What is needed is an exact copy of every line from the one containing "this 960×641 image." through the end of the entries; please set it down without any pictures.

Entries shown section start

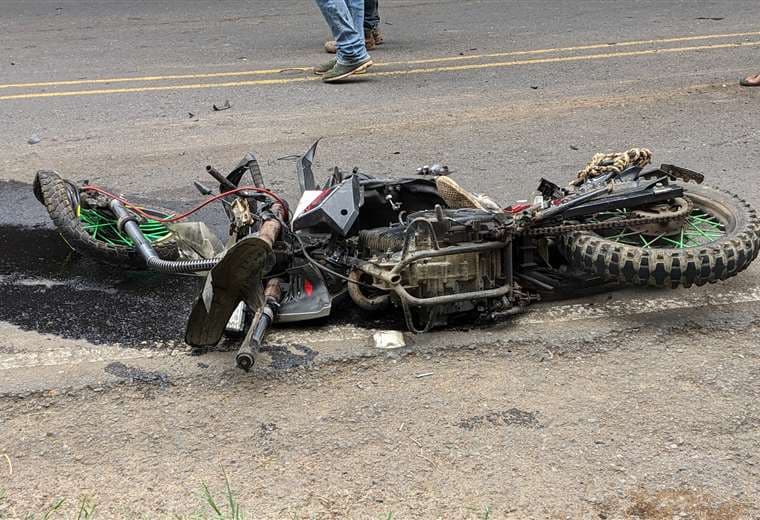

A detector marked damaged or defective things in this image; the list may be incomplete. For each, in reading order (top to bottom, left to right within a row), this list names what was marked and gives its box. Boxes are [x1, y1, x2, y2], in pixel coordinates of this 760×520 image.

wrecked motorcycle [32, 143, 760, 370]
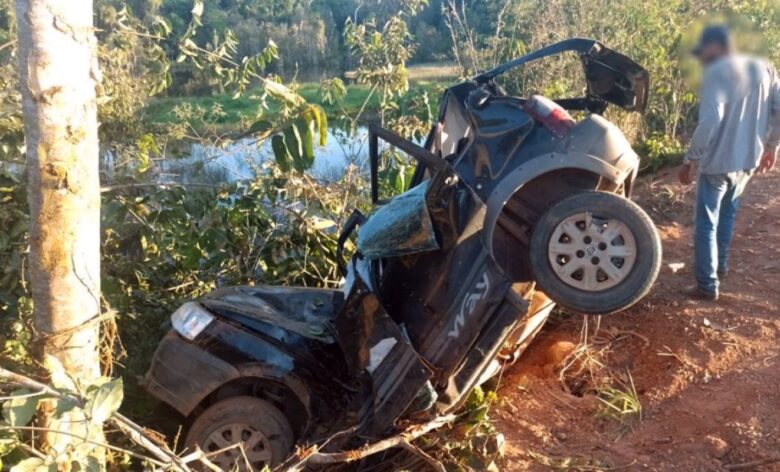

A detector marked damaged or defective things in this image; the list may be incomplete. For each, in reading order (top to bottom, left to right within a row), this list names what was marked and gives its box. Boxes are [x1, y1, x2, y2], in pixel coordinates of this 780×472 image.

shattered windshield [354, 183, 438, 260]
severely damaged car [143, 38, 660, 470]
overturned vehicle [143, 38, 660, 470]
exposed tire [528, 190, 660, 316]
exposed tire [187, 396, 296, 470]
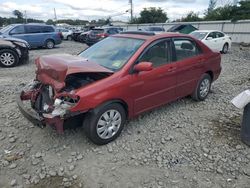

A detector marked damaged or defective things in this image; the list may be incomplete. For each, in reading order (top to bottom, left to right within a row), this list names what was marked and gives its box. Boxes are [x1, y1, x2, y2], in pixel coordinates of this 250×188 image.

crumpled hood [35, 53, 113, 92]
damaged red car [17, 31, 221, 145]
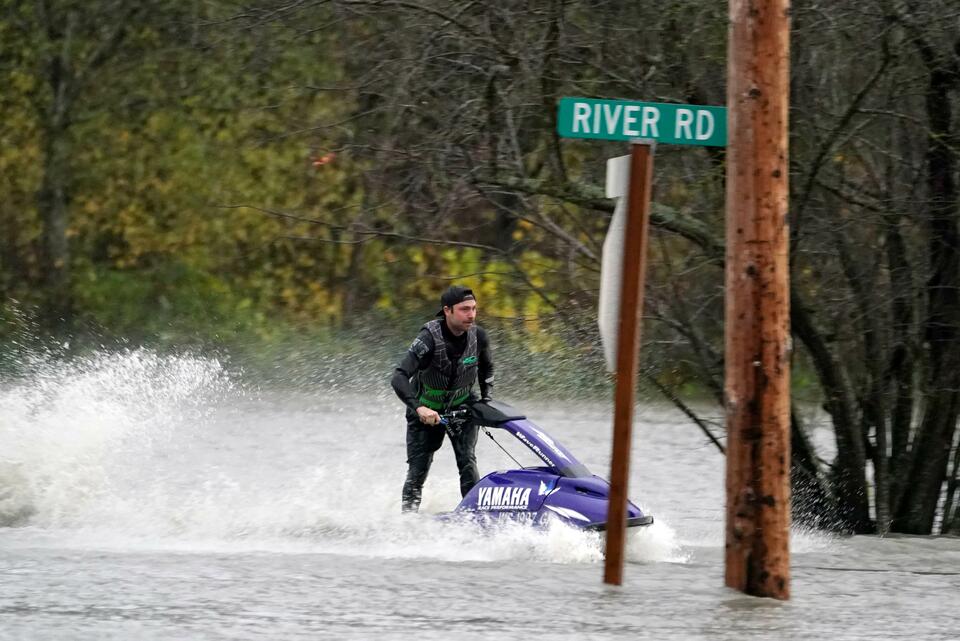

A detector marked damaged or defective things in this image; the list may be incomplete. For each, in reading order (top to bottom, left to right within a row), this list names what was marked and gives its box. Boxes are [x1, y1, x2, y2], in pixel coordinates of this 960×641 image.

rusty metal post [604, 140, 656, 584]
rusty metal post [724, 0, 792, 596]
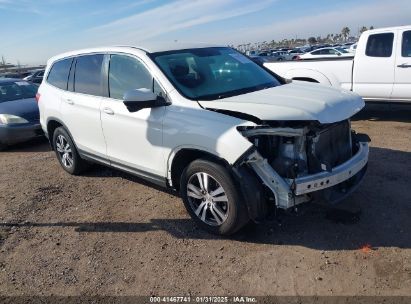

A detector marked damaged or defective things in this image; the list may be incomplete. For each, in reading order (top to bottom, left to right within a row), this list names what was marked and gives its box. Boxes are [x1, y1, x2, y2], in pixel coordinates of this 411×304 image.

Entries shown section end

» **Answer to this task**:
A detector marked damaged or defective things in this image; the list may be incomplete. For each, in reading order (top to bottom, left to right within a row), this list names what was marked and gives its box. Boxes are [x1, y1, x2, y2], in pixel coordinates of this 960×641 image.

rusty metal post [604, 140, 656, 584]
rusty metal post [724, 0, 792, 596]

A detector marked damaged or defective things in this image; the list may be incomplete. For each, in reading order (top to bottom, left to right within a row), this list names what was marked and gives its box. Boxes are [x1, y1, x2, y2], in pixel coordinates of this 411×304 image.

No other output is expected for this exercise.